No presente procedimento disciplinar o Autor trabalhador não apresentou resposta, pelo que não existiu qualquer outro acto de instrução a considerar. Em todo o caso e sendo conferido à empregadora o prazo de 30 dias para proferir a decisão final a contar desde o último acto de instrução, admite-se que este prazo de 30 dias se inicie apenas após o decurso do prazo de reposta conferido ao trabalhador.
Assim, tendo o Autor trabalhador sido notificado da nota de culpa a 07.06.2024 (conforme certificação que se fez juntar aos autos e aí consta de 06.01.2025) o prazo para este contestar, de 10 dias úteis, nos termos do artigo 355º, do Código do Trabalho, terminou a 24.06.2024.

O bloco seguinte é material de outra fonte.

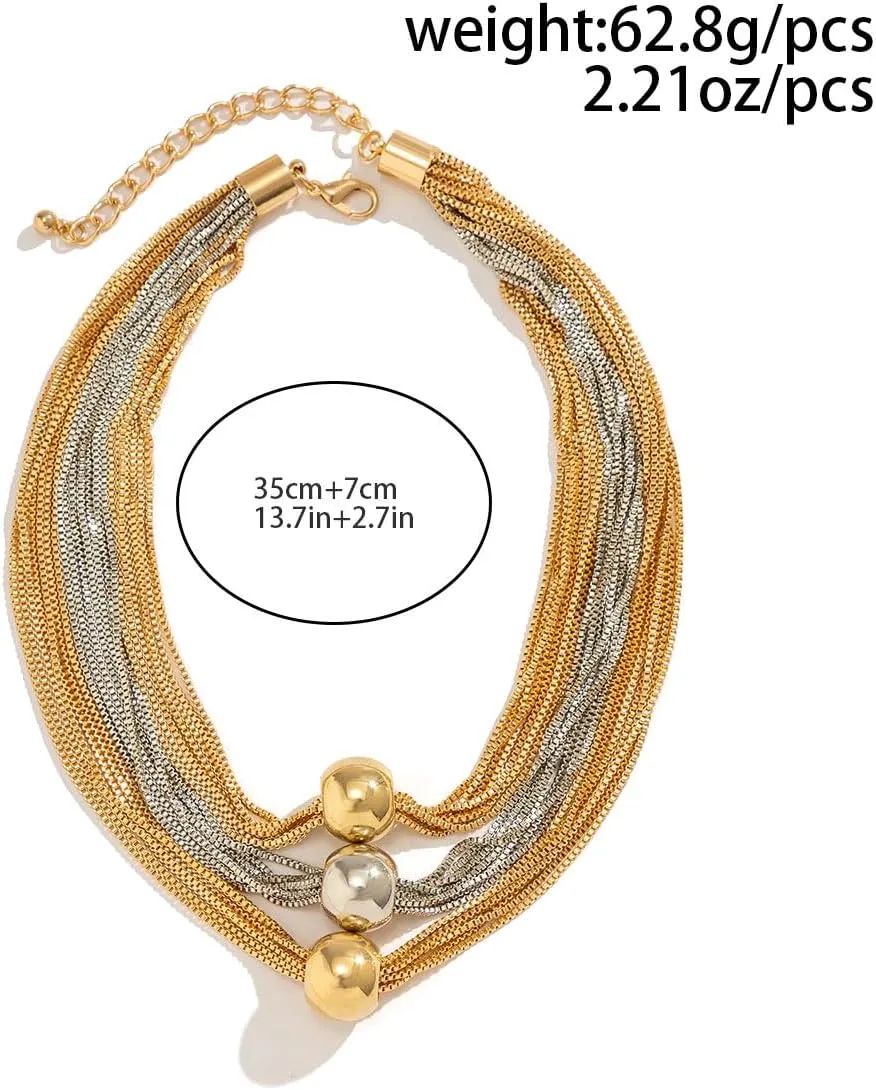 Layered Necklaces For Women Choker Wide Collar 14K Gold Plated Multi-Layer Necklace Chunky Paperclip Snake Herringbone Chain Rhinestone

Por conseguinte, o prazo de 30 dias para a Ré empregadora proferir decisão final, nos termos do disposto no artigo 357º, ns.º 1 e 2, do Código do Trabalho iniciou-se a 25.06.2024 e terminou no dia 25.07.2024. E este prazo, diversamente do prazo de resposta do trabalhador é de 30 dias seguidos (artigo 279º, do Código Civil).
A Ré empregadora em 29 e 30 de Julho, conforme alega, ratificou o processado e comunicou ao Autor trabalhador a transmissão operada, mas, para além de ser discutível se estes actos constituem diligências de instrução do procedimento disciplinar em curso, pois que com ele não se relacionam, o certo é que foram praticados para além daquele prazo de 30 dias.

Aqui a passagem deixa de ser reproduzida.